Please write out all of the data below exactly, without including the pictures.

[Information shown]

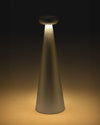 Conical matte gray table lamp by Alessi with a luminous mushroom-shaped top diffuser casting warm light.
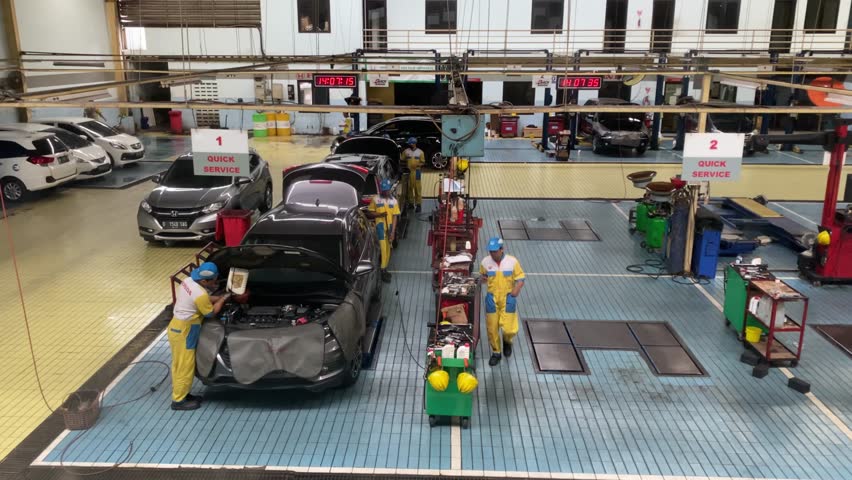 Yogyakarta, Indonesia - August 22, 2023: Several Honda car mechanics are carrying out routine maintenance services or repairing broken cars. The atmosphere in a large workshop full of work tools. 4k
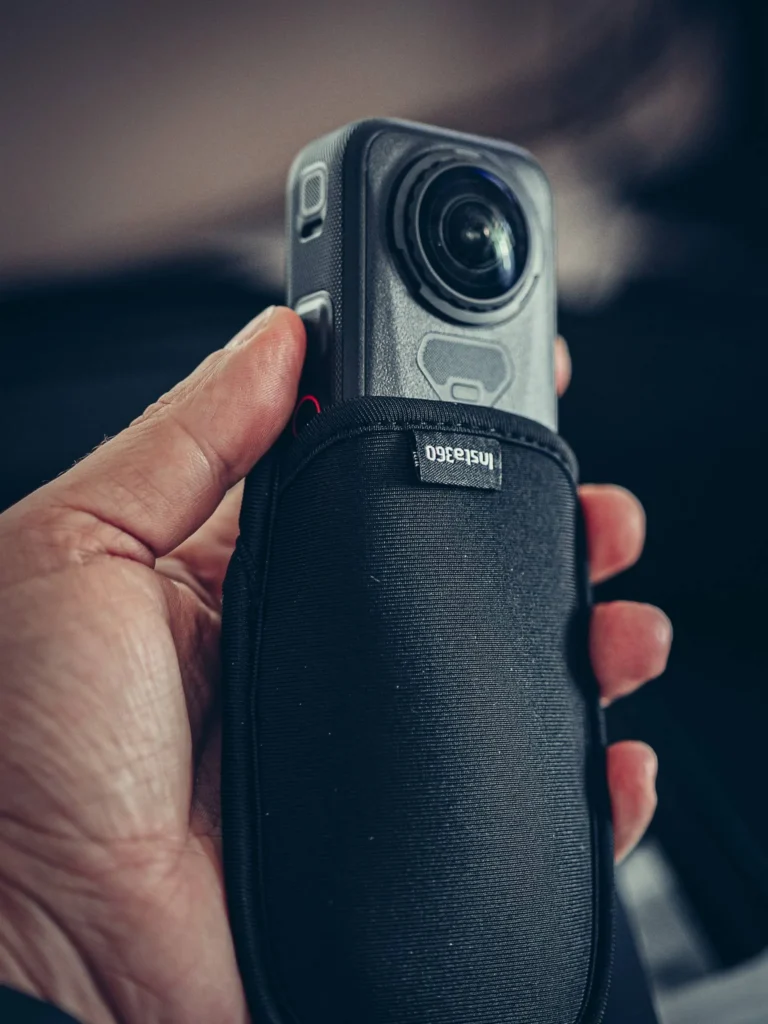 Insta360 X6 half out of its carrying case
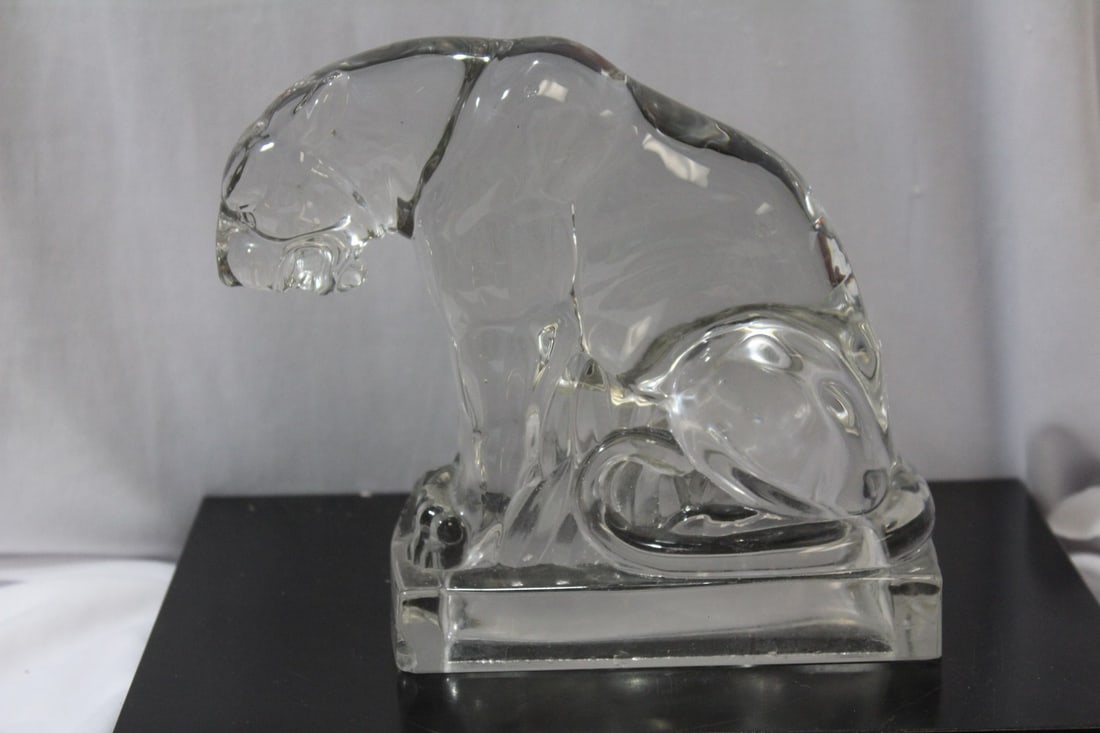 A Glass tiger: 6 3/4" tall - please note: chip on the bottom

[/Information shown]

# Output of the task
 Conical matte gray table lamp by Alessi with a luminous mushroom-shaped top diffuser casting warm light.
 Yogyakarta, Indonesia - August 22, 2023: Several Honda car mechanics are carrying out routine maintenance services or repairing broken cars. The atmosphere in a large workshop full of work tools. 4k
 Insta360 X6 half out of its carrying case
 A Glass tiger: 6 3/4" tall - please note: chip on the bottom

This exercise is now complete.